CHICAGO — Cook County property owners are getting their latest property tax bills and that is creating some sticker shock.
Across the county, second installment 2018 property tax bills are up an average of 4% from 2017.
On the North Side of Chicago, homeowners could see an 11% increase in their bill, while South Side homeowners could see a 1% increase.
These taxes are due August 1.
David Merriman, a professor of public administration at University of Illinois at Chicago, said the property tax issue is caused by several factors. Merriman said county governments, city governments and school districts all play a part.
Merriman said the city's taxes have gone up due to a plan that gradually increases the tax to deal with a pension problem and other fiscal problems.
Cook County Assessor Fritz Kaegi said the change in the property tax bills is because the system was broken before he came into office.
“The assessment system was out of whack in that it assessed higher value homes too low, lower value homes too high,” he said. “And that’s being with better assessment practices.”
One Family's Story
Attila and Candice Farberg have lived in their Wilmette home since 1984. They have seen their property taxes modestly go up 2% to 3% to 6% over the years.
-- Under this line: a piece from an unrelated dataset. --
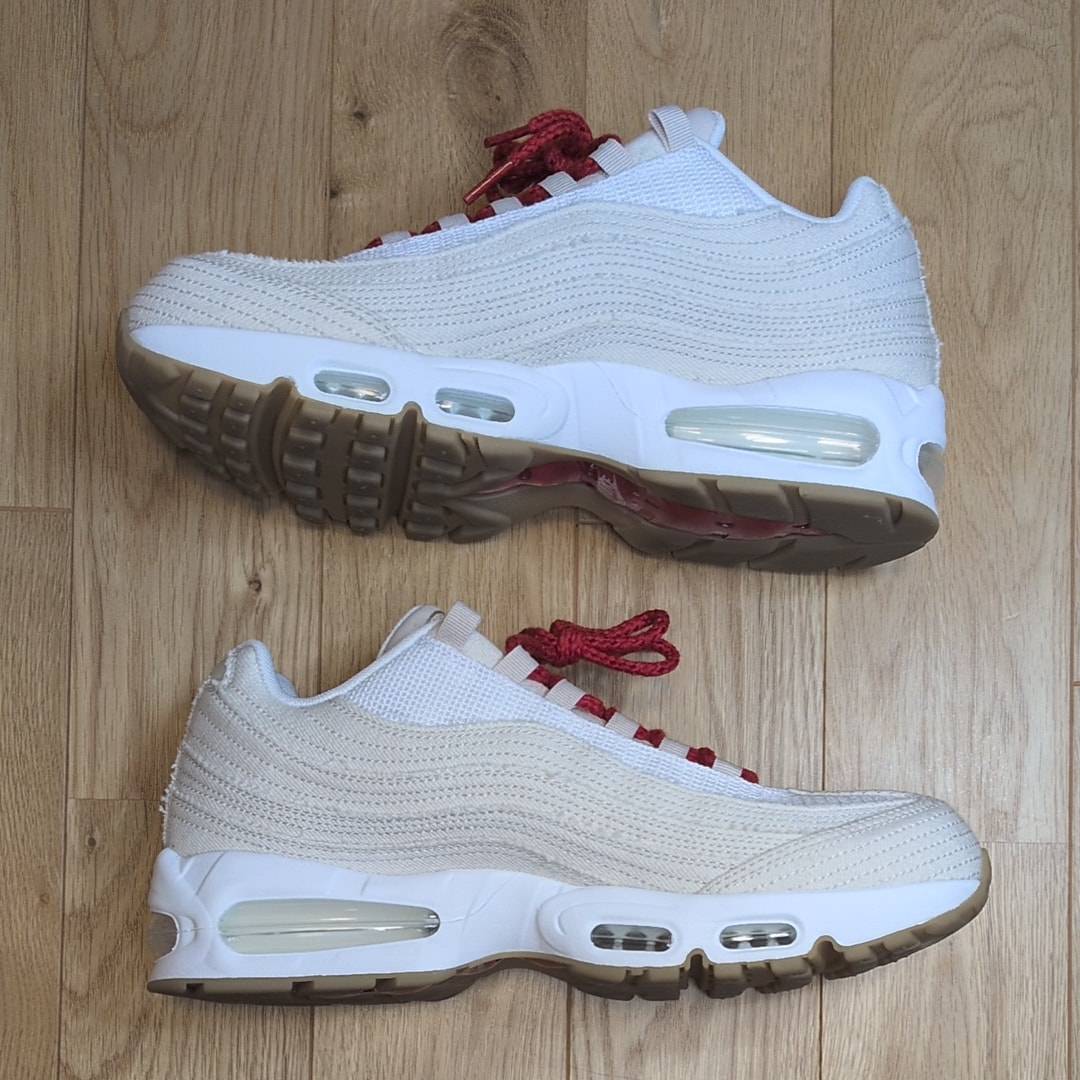 Levi's × Nike Air Max 95 OG "Denim White"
They’ve even gotten refunds. But they told WGN News it has never been like this.
“The word legalized robbery comes to mind,” Attila Farberg said.
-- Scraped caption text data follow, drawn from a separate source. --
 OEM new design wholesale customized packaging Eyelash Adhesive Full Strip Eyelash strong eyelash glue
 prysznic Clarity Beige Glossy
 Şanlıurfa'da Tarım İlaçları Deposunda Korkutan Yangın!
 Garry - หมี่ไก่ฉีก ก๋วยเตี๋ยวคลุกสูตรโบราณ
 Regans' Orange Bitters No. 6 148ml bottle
The Farberg’s tax bill went up $5,000 to a little over $21,000 in one year.
“The assessed value went up 30.79%” Attila Farberg said. “And the estimated market value went from $754,000 to a hair under a million.”
They said don’t believe their house is worth a million dollars.
The Farbergs said they want to pay their fair share but this all at once and 30% is unfair.
Elsewhere in Cook County
Some critics of this system have said that it unfairly taxes homeowners more than corporations. Merriman said this is not the case — businesses are valued at 25% of market values, whereas home and rental properties are valued at 10% in Cook County.
Others have expressed concern that booming neighborhoods, like West Loop, will drive out residents with the high property taxes when they purchased the property so low. Merriman said that it is a problem for cash, but now these residents have an asset that is worth a lot more.
On Tuesday, the Chicago Tribune reported that Chicago Cubs co-owner and Wilmette resident, Todd Ricketts, paid a property tax based on a much older and smaller house that he tore down to make a new home. This likely gave him a huge discount that may have totaled tens of thousands of dollars over the years.
Merriman said that the Cook County Assessor's Office should not have missed this issue. He said Rickets should have filed building permits and sent them to the assessor for a reassessment. This did not happen, and it is hard to know how widespread this problem is.
Merriman did say that the assessor's office is understaffed, and the system could probably be fairer if they had more resources to work with.